Data Collator class to use for BLOOM
#238
by
monta
- opened
Do we need to use DataCollatorForLanguageModeling and EOS (End of Sequence) token for padding token for BLOOM?
Causal language modeling says:
Now create a batch of examples using DataCollatorForLanguageModeling. It’s more efficient to dynamically pad the sentences to the longest length in a batch during collation, instead of padding the whole dataset to the maximum length. Use the end-of-sequence token as the padding token and set mlm=False.

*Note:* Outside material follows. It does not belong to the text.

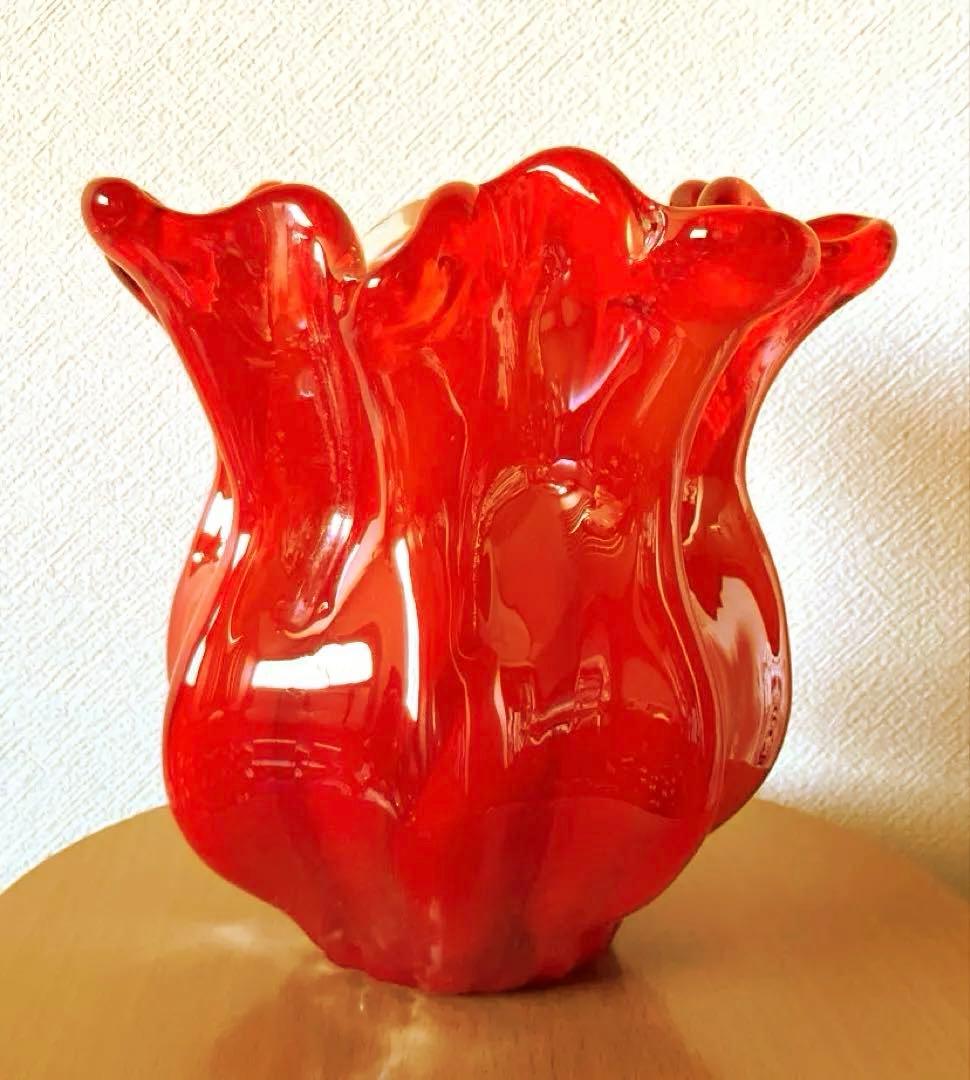 昭和レトロタジマクリスタル赤オーロラ加工チューリップ型花瓶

This will use the inputs as labels shifted to the right by one element:
from transformers import DataCollatorForLanguageModeling tokenizer.pad_token = tokenizer.eos_token data_collator = DataCollatorForLanguageModeling(tokenizer=tokenizer, mlm=False)
However, if I use DataCollatorForLanguageModeling, I get the error:
ValueError: Unable to create tensor, you should probably activate truncation and/or padding with 'padding=True' 'truncation=True' to have batched tensors with the same length. Perhaps your features (`labels` in this case) have excessive nesting (inputs type `list` where type `int` is expected).
Environment
!cat /etc/os-release
PRETTY_NAME="Debian GNU/Linux 10 (buster)"
!transformers-cli env
- `transformers` version: 4.28.0
- Platform: Linux-4.14.309-231.529.amzn2.x86_64-x86_64-with-debian-10.6
- Python version: 3.7.10
- Huggingface_hub version: 0.13.4
- Safetensors version: not installed
- PyTorch version (GPU?): 1.13.1+cu117 (True)
- Tensorflow version (GPU?): not installed (NA)
- Flax version (CPU?/GPU?/TPU?): not installed (NA)
- Jax version: not installed
- JaxLib version: not installed
- Using GPU in script?: YES
- Using distributed or parallel set-up in script?: <fill in>
Code for Tokenization
DATASET_STREAMING: bool = False
train = load_dataset("xsum", split="train", streaming=DATASET_STREAMING)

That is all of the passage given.